We three sat in silence, facing the glistening waters beyond the trail and its walkers, joggers, and other passersby. I with my book, she with her kindle, he with his thoughts, sat still. Gulls soared through the gentle breeze and settled on the rippling sea. The steady waves lapped up against the rocks below. The air was cold but pleasant, its crispness clean with a sense of purity, of clarity. Just above the horizon, the sun burned brightly as it passed behind the thin clouds that rested upon the distant watery horizon.
After looking for a place to settle with my book for a few minutes, I was the first to occupy the red benches. Within a few minutes, she in her cream pants and thin blue jacket stopped, captured by the gleaming rays of the sun streaking out along the water. She took a photo with her phone and then settled on the bench in front of mine, joining me in silence with an e-reader in her hands.
We both read for a few minutes. I read sporadically, often watching the passersby and those enjoying the waterfront park. I listened in to catch the occasional familiar word, but mostly I just gazed. She was equally distracted. Her e-reader soon fell asleep as she turned to distractions on her phone. I went back to my book and tried to focus until his steps and ratchet of his bike came toward me.
Walking his bike with its bright green helmet swinging from the handlebar, he guided his way between the benches. Leaving the bike next to my bench, he joined her on the other. His thick black coat hung loosely about his thin frame, and he hugged his arms close against the chill. Legs crossed tightly, he sat straight and tall, and he gazed deeply. So still, so calm was he as he stared into the burning rays of the sun. The slow blink of his eyes, the flutter of the blond tuft of hair on his forehead as the wind crossed his face, were the only motion about him. Deep must have been his thoughts, firm his resolve, steady his concentration.
His stillness held my attention. With my book open upon my leg, I ignored it to watch him in profile as he watched the sun. I envied him and respected his ability to embrace the stillness, to settle his mind and need not for device nor intrigue to fulfill some craving. The world before him was enough. The slow but sure motion of the setting sun and ever-changing yet ever-familiar ripples of the sea were enough. Though we were together, he was alone. He needed only his mind to keep him company.
As the final arc of the sun’s orange disc dipped out of sight, the chill in the air hardened. It pulled at the backs of my hands, bit at my ears and nose, and seeped through my sweater. watched closely as the darkening ripples crossed each other. A gull floated atop them being lifted and lowered again as the small swells passed below him. Without the direct rays of the sun, the water grew dark as the day soon would. The few clouds held feebly to the fading light with a dull orange glow until they turned grey as the sun’s rays escaped even their lofty position. As the light faded, the lights along the edge of the walk illuminated and the street lamps flickered to life. As night came, light remained, but it was artificial, dim, and cold. I shivered.

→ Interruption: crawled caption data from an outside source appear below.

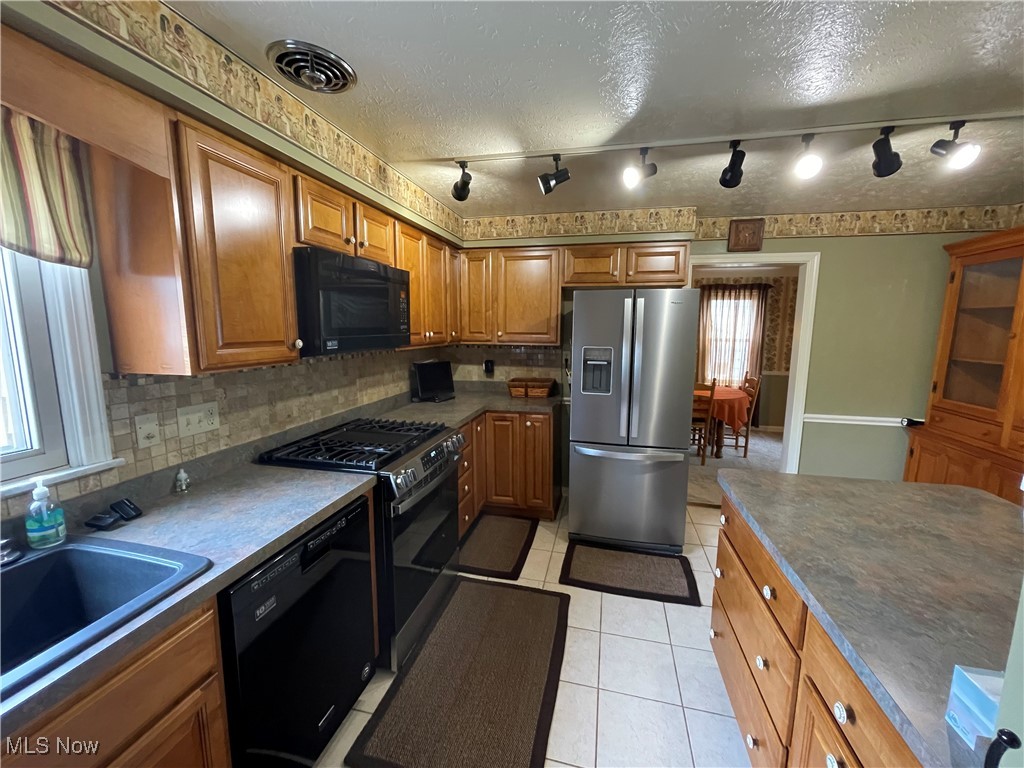12305 Oak Park Boulevard, Garfield Heights, Ohio image 3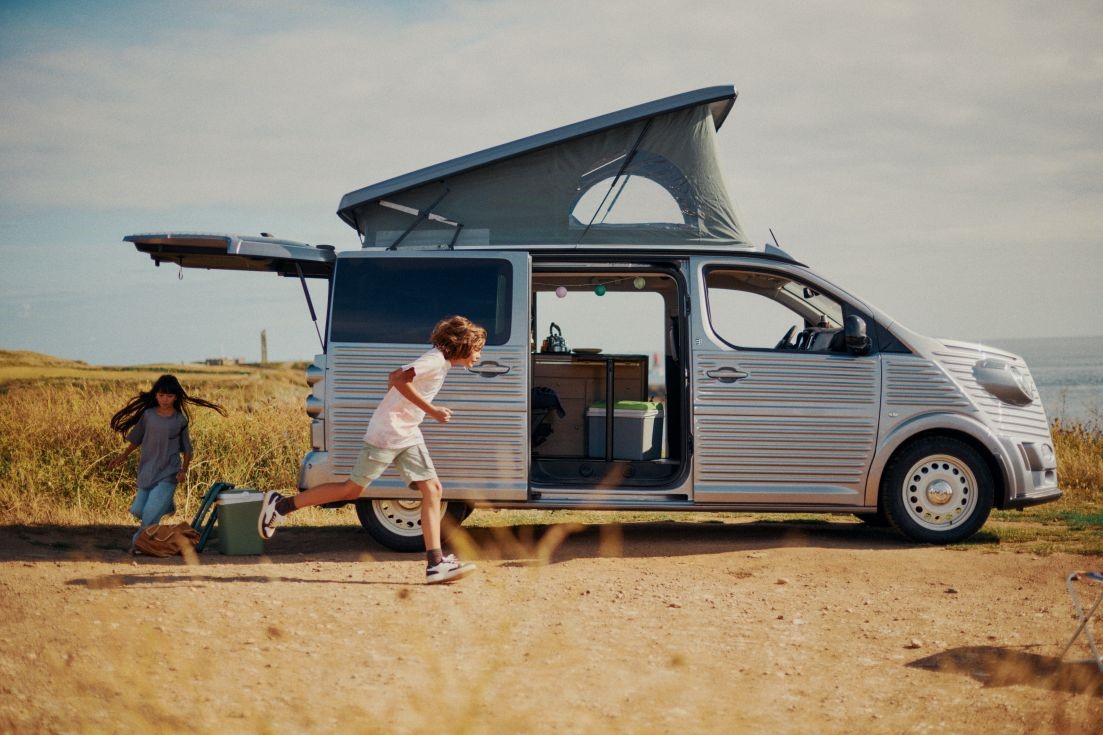 CitroenAlava's tweet photo. Citroën presenta el concepto Type #Holidays en el Salón del #Caravaning de #Dusseldorf, un homenaje al famoso #TypeH, un vehículo que lleva el arte de los viajes alternativos al extremo. Se venderá a través de la red de concesionarios #Citroen y los detalles... a finales de 2023. https://t.co/zoJ1IUNrWP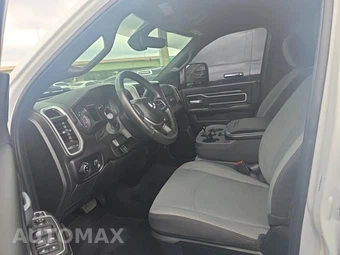 2024 Ram 2500 Big Horn Crew Cab Medium Bed - miniatura 13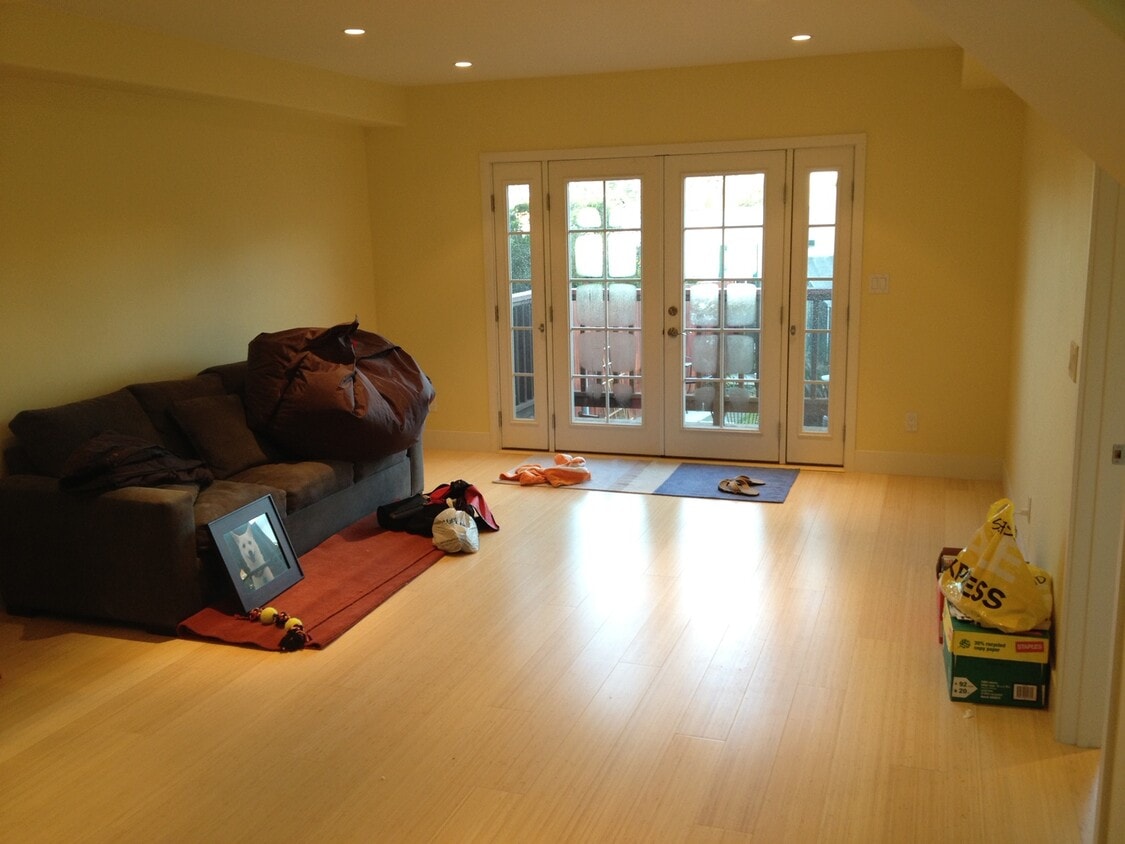 open concept living room - 75 Vernon St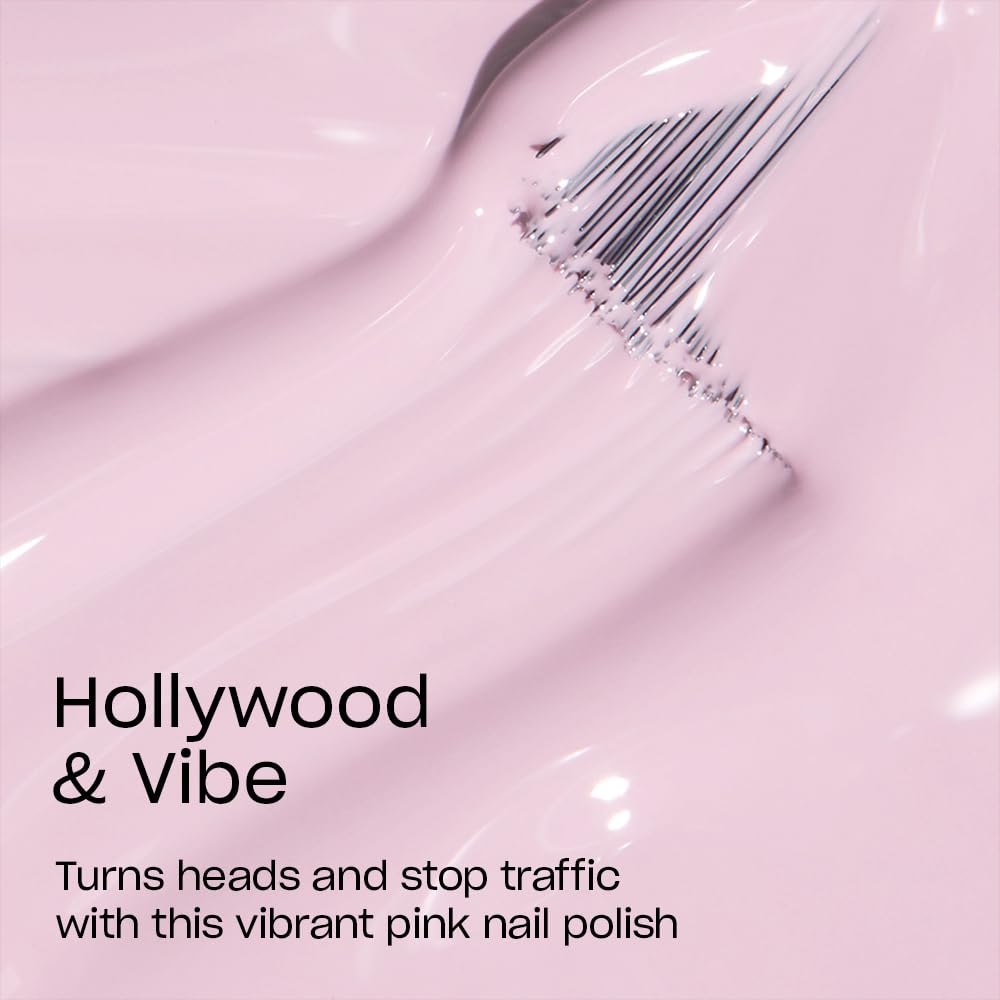 OPI Hollywood & Vibe con brocha de ancho profesional para cobertura uniforme.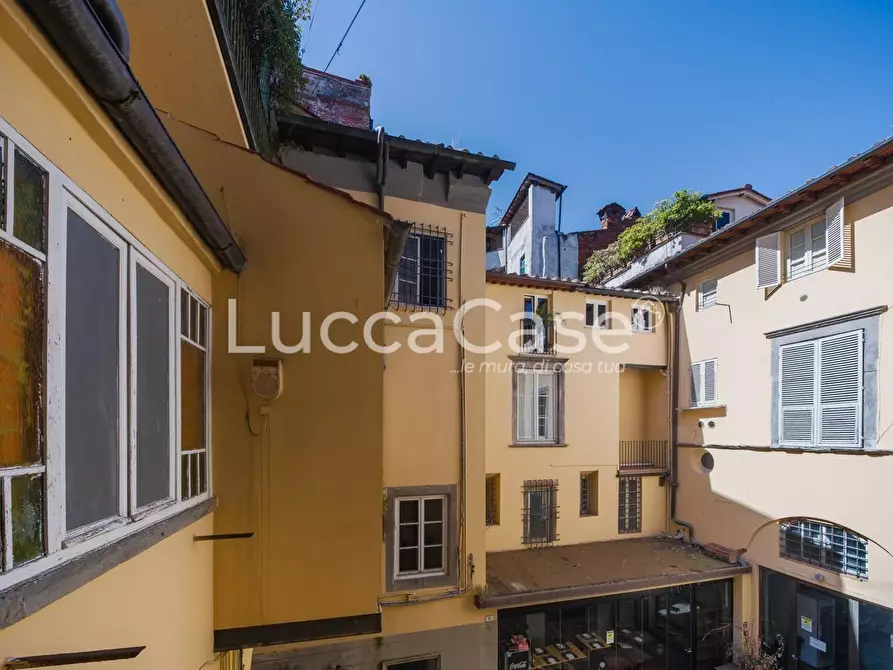 Immagine 24 di Appartamento in vendita  a Lucca
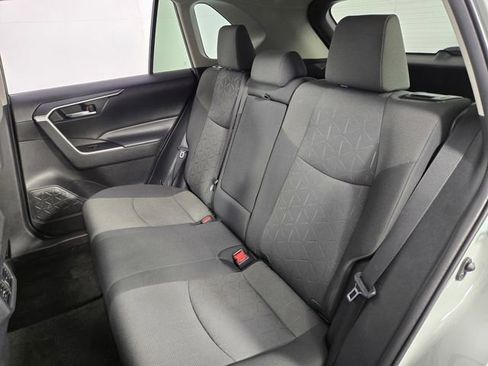 Used 2021 Toyota RAV4 XLE w/ Convenience Package image 16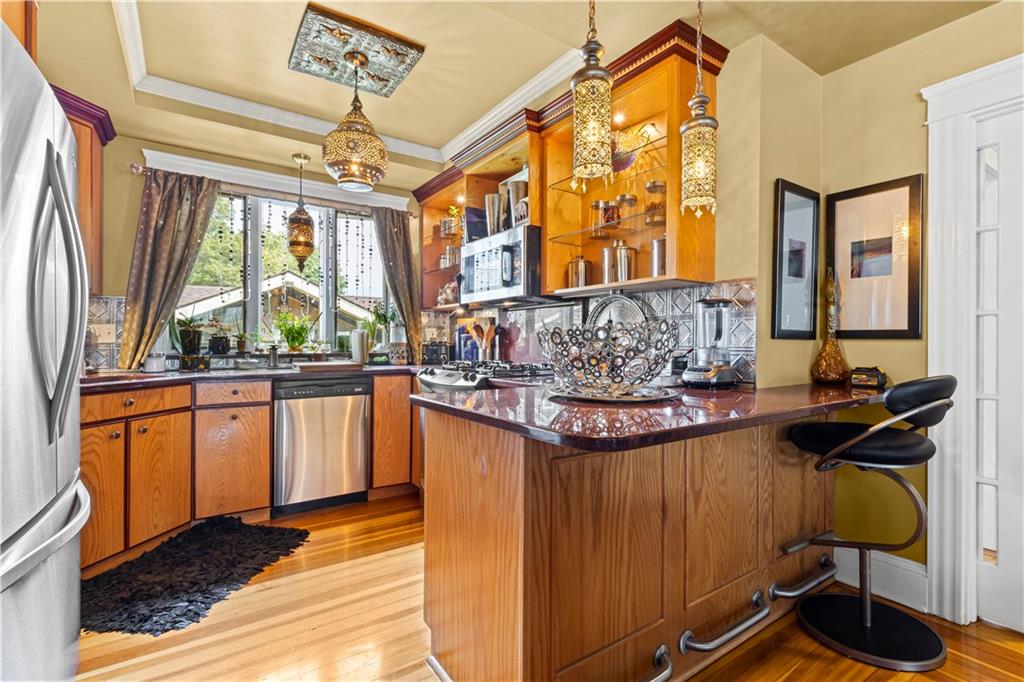 Pawtucket, Rhode Island, 02861, United States, 4 Bedrooms Bedrooms, ,2 BathroomsBathrooms,Residential,For Sale,2006296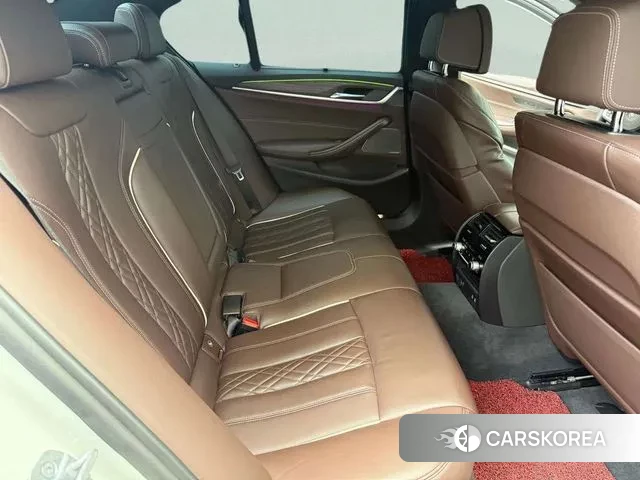 BMW 5 Series (G30) id 3253623 из Кореи 19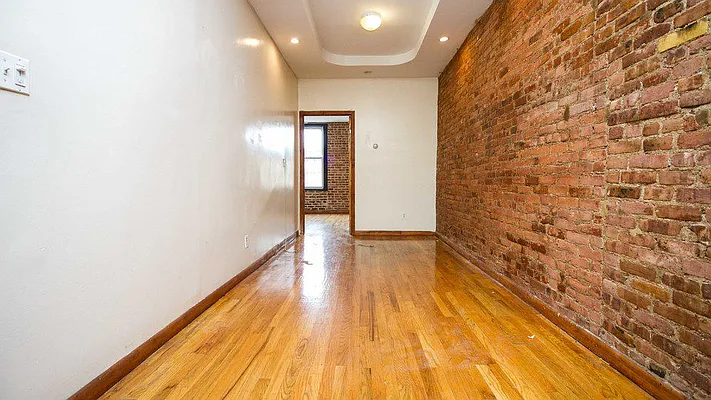 Rented by Nooklyn NYC LLC | media 13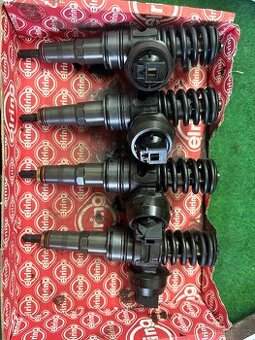 Vstřiky 1.9tdi 77kw 8v BLS 038130079TX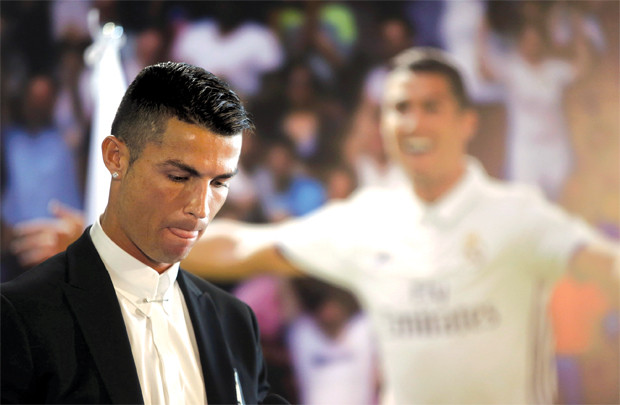 Ronaldo - người tạo ra một thế hệ
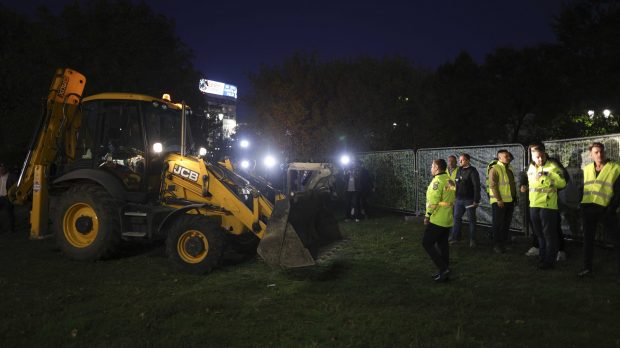 Scandal în Piața Unirii legat de lucrările la planșeu. Nicușor Dan a venit cu buldozere pentru gardurile lui Daniel Băluță. A intervenit și premierul Ciolacu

When I looked back to my right, he was gone. He had slipped away as quietly as he had sat. She stood, looked about to determine her direction, and she too departed. Again, I was the only one. As the sky faded from blue to black, I packed away my book and stood to go. Walking along the path, I looked over the sea to where the sun had been. Now it was but an orange band across the horizon that would linger for hours, the tantalizing hint of its presence, just out of reach. The movement of walking brought needed warmth. The dark has come earlier yet again today. Winter is coming.